Below are high-level data outputs from the Global Food Systems Network Map. As Meridian continues to update the Network Map, these insights will reflect the latest findings.
The Data in the Global Food Systems Network Map
The Network Map includes a total of 94 multi-stakeholder initiatives (“Initiatives”), representing efforts across both terrestrial and aquatic food systems.
CAPTION: The percent of Initiatives whose work focuses primarily on aquatic, terrestrial, and both aquatic and terrestrial food systems.
The Global Food Systems Network Map visualizes the range of food systems Topic areas that Initiatives work on (see chart below). The Network Map can be used to identify Initiatives that focus on the same (or thematically similar) Topic areas. Organizations may find this information useful to identify potential partnerships.

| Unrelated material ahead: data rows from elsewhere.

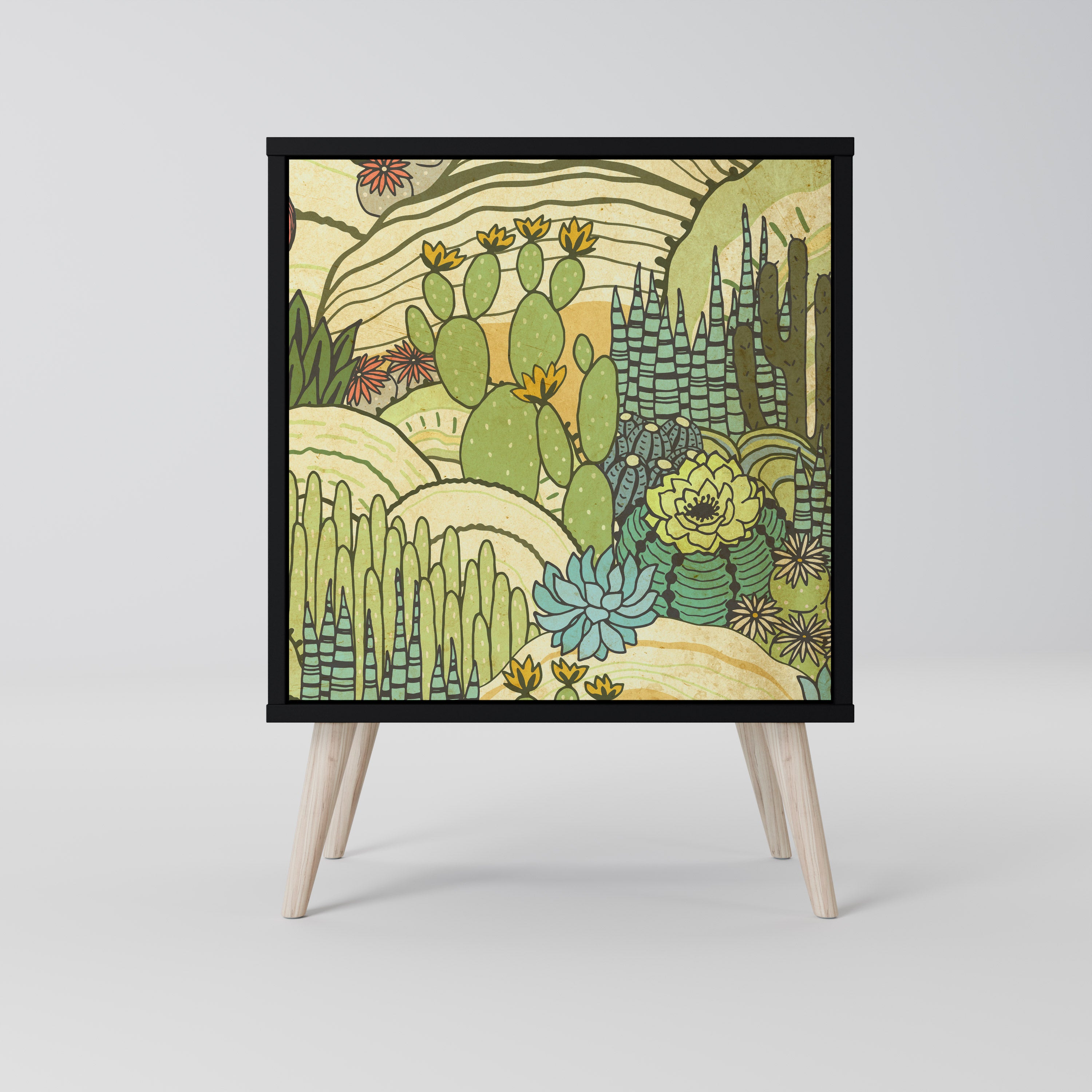 SUCCULENTS KALEIDOSCOPE Komoda 1-drzwiowa korpus Czarny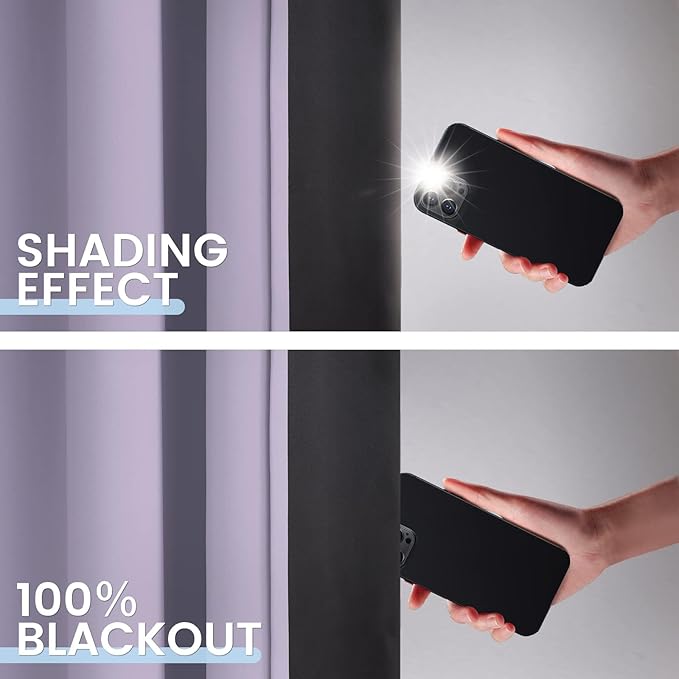 SimpleHome 100% Blackout Curtains for Bedroom,Thermal Insulated Lilac Grommet Window Drapes Room Darkening Curtains for Living Room with Black Back,38 x 63 Inch,2 Panels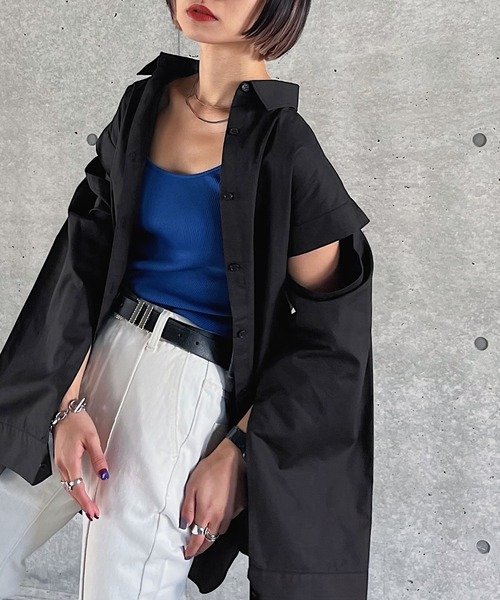 PAGEBOY(ページボーイ)の「WEB限定アイテム / アレンジスリーブシャツ(シャツ/ブラウス・レディース・ブラック/オフホワイト/ストライプ・FREE)」の14枚目の写真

CAPTION: The number of Initiatives associated with each Topic in the Network Map. Initiatives may work on more than one Topic. Note: Initiatives on the Network Map represent just a subset of all global efforts on food systems.
Based on our current dataset, Sustainable Agriculture, Adaptation and Mitigation, Food and Nutrition Security, Habitat Health and Biodiversity, and Small-Scale and Smallholder are the Topic areas that Initiatives most commonly work on. All these Topics, except for Sustainable Agriculture, apply to both terrestrial and aquatic food systems.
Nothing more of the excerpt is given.